The dialogue was originally designed to explore future arms control options. After the September dialogue, Moscow and Washington agreed to establish two working groups, one on “principles and objectives for future arms control” and the other on “capabilities and actions with strategic effects.”
How the broadened dialogue will affect progress toward negotiations on new nuclear arms control arrangements is not yet clear. Both sides have indicated interest in a new agreement or agreements to supersede the New Strategic Arms Reduction Treaty (New START), which expires in February 2026. The treaty caps Russian and U.S. strategic nuclear arsenals at 1,550 deployed warheads and 700 deployed delivery vehicles and heavy bombers each. The Bilateral Consultative Commission, the treaty’s implementing body, last met Oct. 5–14 in Geneva.
One Russian security proposal calls for the United States not to deploy outside its borders any missiles formerly banned under the 1987 Intermediate-Range Nuclear Forces (INF) Treaty. Under that treaty, the United States and the Soviet Union banned all nuclear and conventional ground-launched ballistic and cruise missiles with ranges between 500 and 5,500 kilometers, leading to the elimination of a total of 2,692 missiles.
After Washington withdrew from the accord in 2019, Putin proposed that the two countries impose a moratorium on the deployment of INF Treaty-range missiles and later added mutual verification measures to the proposal. Russia also indicated that its 9M729 cruise missile, which the United States alleged was a violation of the INF Treaty, would be covered by its proposal.
At the time, the Trump administration and NATO dismissed the Russian proposal. The Biden administration has not clarified whether it would consider the Russian concept or offer a counterproposal.
The draft Russian-U.S. agreement proposes that the two countries “shall undertake not to deploy ground-launched intermediate-range and shorter-range missiles outside their national territories, as well as in the areas of their national territories, from which such weapons can attack targets in the national territory of the other party.”
The draft Russian-NATO agreement also includes a moratorium, proposing that “the parties shall not deploy land-based intermediate- and short-range missiles in areas allowing them to reach the territory of the other parties.”

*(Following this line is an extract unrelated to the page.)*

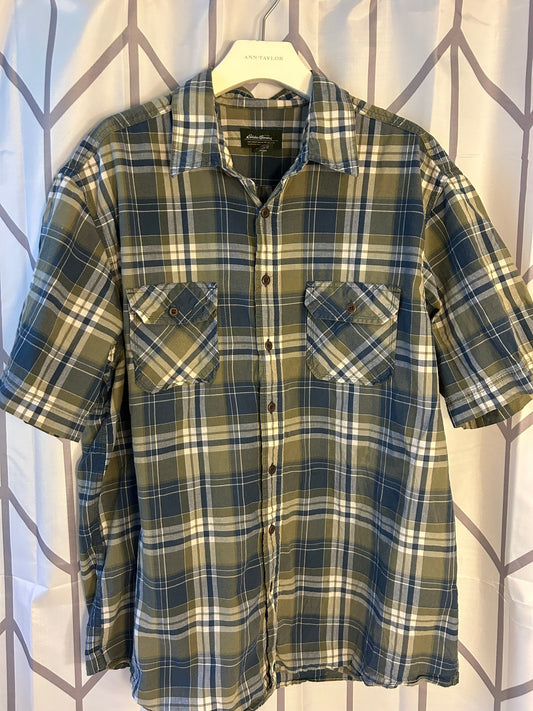 Reduced! Seller #18 Eddie Bauer green plaid shirt men’s size tall XL
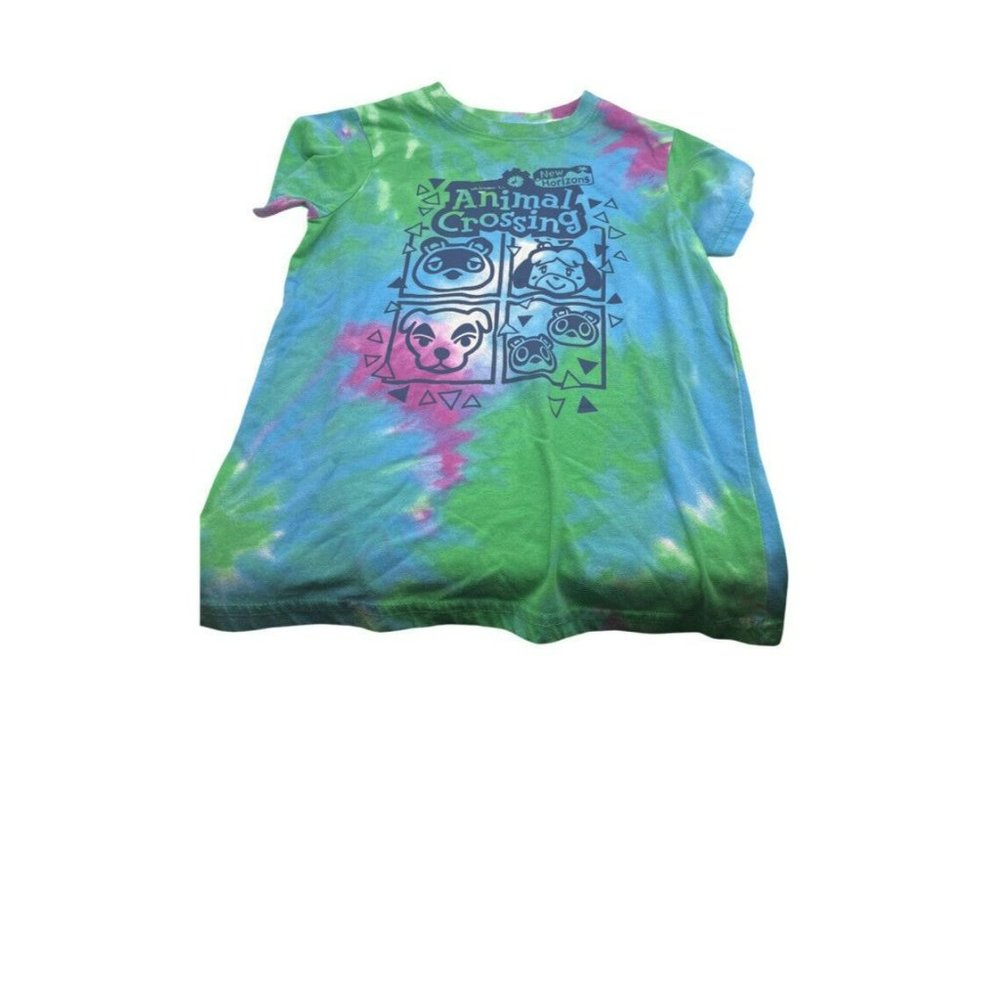 Nintendo Animal Crossing Kids T Shirt M Tie Dye Blocks of Animals FLAW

Additionally, Moscow proposed that Russia and the United States “refrain from deploying nuclear weapons outside their national territories” and “not train military and civilian personnel from non-nuclear countries to use nuclear weapons.”
This refers to the U.S.-NATO nuclear sharing agreement, under which Washington is estimated to deploy more than 100 B61 gravity bombs across Belgium, Germany, Italy, the Netherlands, and Turkey, with all but the Turkish air force assigned and trained to carry out nuclear strike missions with the U.S. weapons.

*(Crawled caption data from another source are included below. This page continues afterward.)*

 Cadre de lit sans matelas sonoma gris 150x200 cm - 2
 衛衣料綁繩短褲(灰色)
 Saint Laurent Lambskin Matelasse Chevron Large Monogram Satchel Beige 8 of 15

Bonnie Jenkins, undersecretary of state for arms control and international security, outlined the key concepts for U.S. arms control efforts in a Sept. 6 speech. “First, we will look to capture new kinds of intercontinental-range nuclear delivery systems. Second, we will seek to address all nuclear warheads, including those which have not been limited previously, like so-called non-strategic nuclear weapons. Third, we will seek to retain limits on Russian intercontinental-range ballistic missiles, submarine-launched ballistic missiles, and heavy bombers equipped for nuclear armaments after New START expires in 2026,” she said.
It remains unclear how the two sides could bridge their nuclear differences and when they might transition from the dialogue to more formal negotiations on a successor to New START. Biden said in June that “we’ll find out within the next six months to a year whether or not we actually have a strategic dialogue that matters.”